VA Flaggers join the Confederate fight






By: Danielle Battaglia
GoDanRiver.com
August 25, 2012

Last Sunday, a new group — the Virginia Flaggers — moved into Reidsville to protest the former site of the Reidsville Confederate Monument.

The Reidsville Confederate Monument was knocked down in May 2011 after a Greensboro man drove into the monument, which was located at the intersection of West Morehead and South Scales streets, striking the base of the monument, which sustained some damage, and knocking the soldier from the top of the base and shattering it.

The Virginia Flaggers aren’t from this area. They drove from Richmond, Va., to stand in the cold rain and protest. There reasoning was to raise awareness of what’s taking place with the monument and the anger they feel over the monument not being returned to its intersection.

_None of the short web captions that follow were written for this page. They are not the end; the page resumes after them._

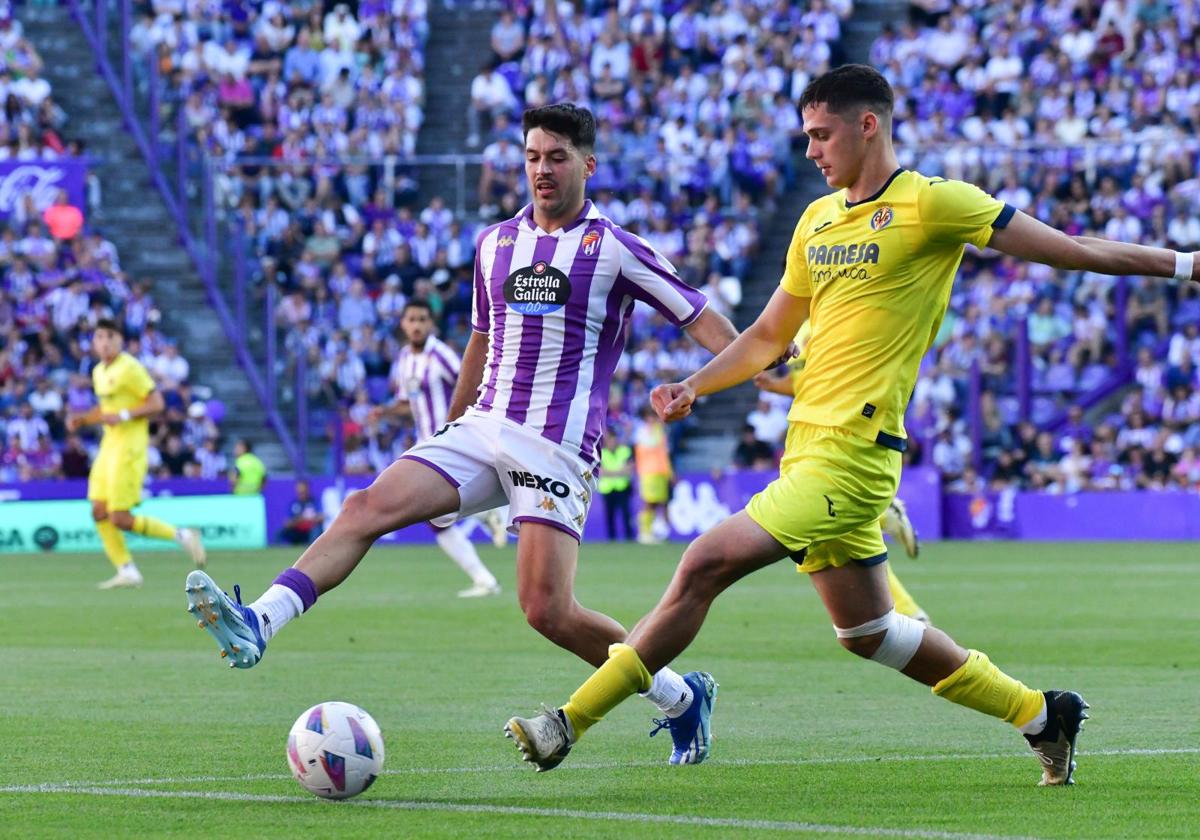 Víctor Meseguer trata de cortar un pase durante el Real Valladolid-Villarreal B.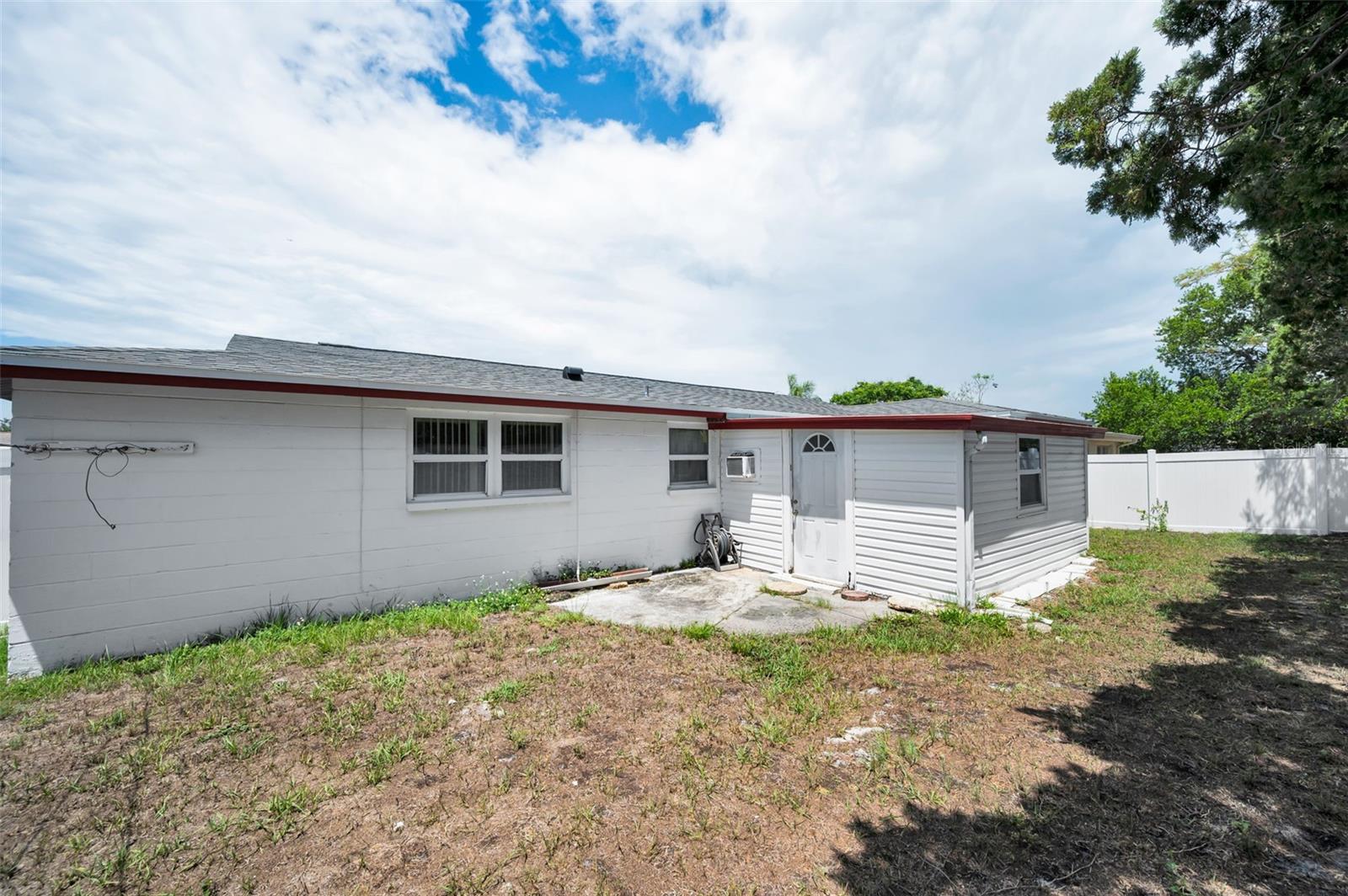 6136 11TH AVE, NEW PORT RICHEY, FL, 34653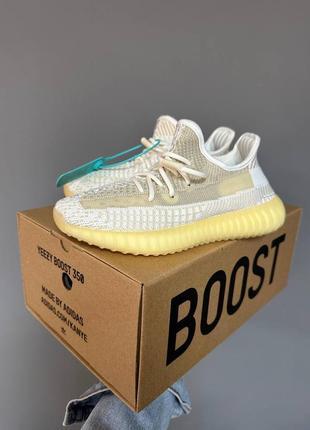 Рефлективное кроссовки adidas yeezy boost 350 v2 бежевые женские кроссовки adidas yeezy boost 350 рефлективные кроссовки адидас извые буст 3504 фото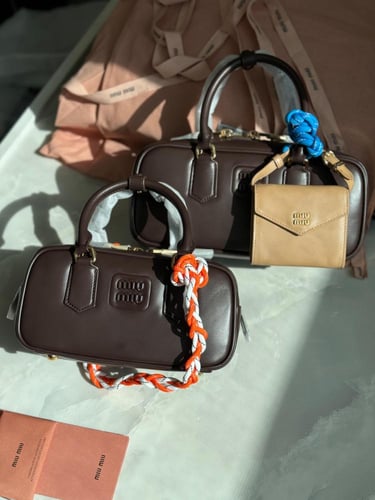 شنطة جلد ميوميو اركادي لون بني داكن بمقابض علوية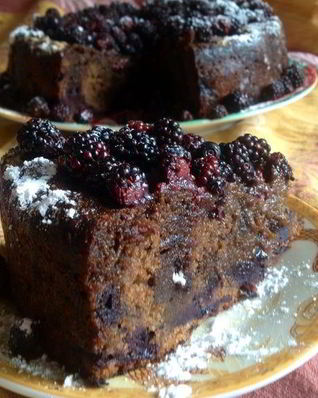 Кофейный кекс с черникой, ежевикой и кардамоном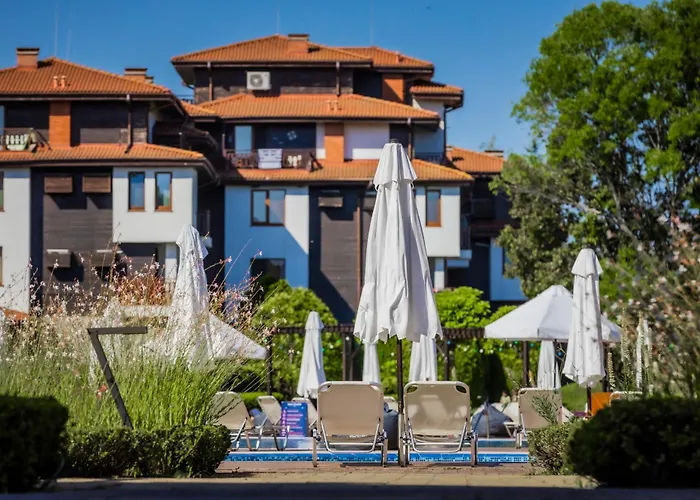 Resort Saint Thomas Village 5*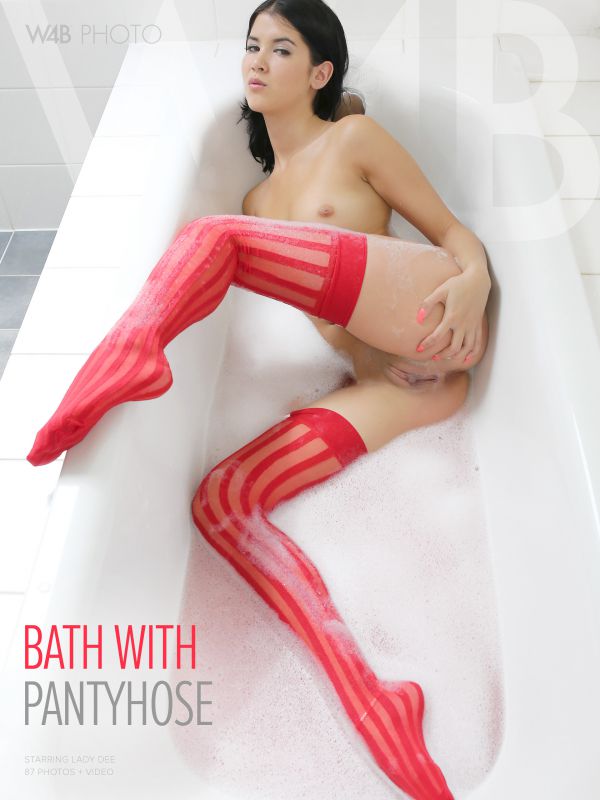  Lady Dee - Bath with Pantyhose - 87 pic
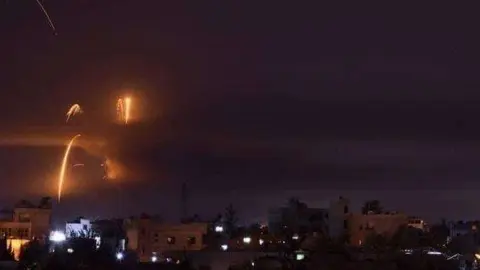 Las explosiones tuvieron lugar cerca de un aeropuerto en la capital siria.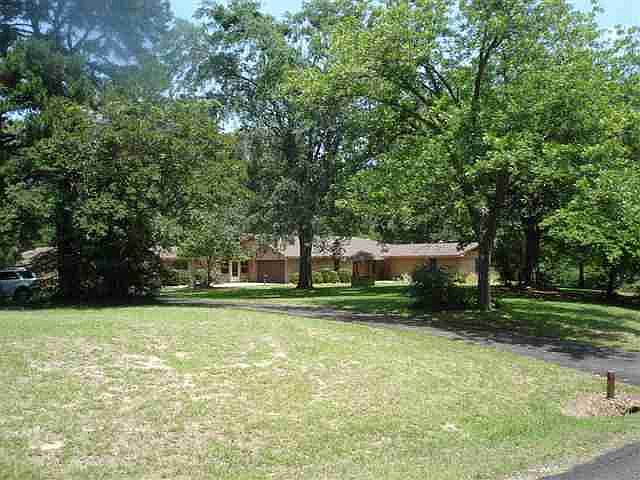 1st image of 815 County Road 3908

“The shock and disbelief that when someone damages a 101-year-old Confederate Monument and it isn’t replaced, and that the United Daughters of the Confederacy and the city of Reidsville took action to move it to a cemetery in the back of town,” Susan Hathaway, one of the flaggers, said, “all over the country people are outraged.”

To Hathaway and the Virginia Flaggers, Confederate monuments, flags and other memorabilia is as important as other war memorials, because it’s a way to honor her ancestors who fought in the war. Hathaway pointed out the men who fought in the Civil War didn’t do it out of choice, but out of loyalty because North Carolina and Virginia called on them to do so.

Hathaway said there is a widespread need for political correctness, which includes removing all things Confederate-related from view.

“There are few uneducated people who want to remove it,” Hathaway said.  “This is the last vestige of honor and dignity. Pennies and nickels were scraped together by the ladies of the UDC to create this.”

Hathaway said people have become heated and it becomes hard to get information across but if people stopped to talk with them, they’d realize why they were there and what they were about.

Hathaway said they’re not a racist group. A couple walked past them with a child. Hathaway said the couple told their child, “Its OK, they’re not racist.”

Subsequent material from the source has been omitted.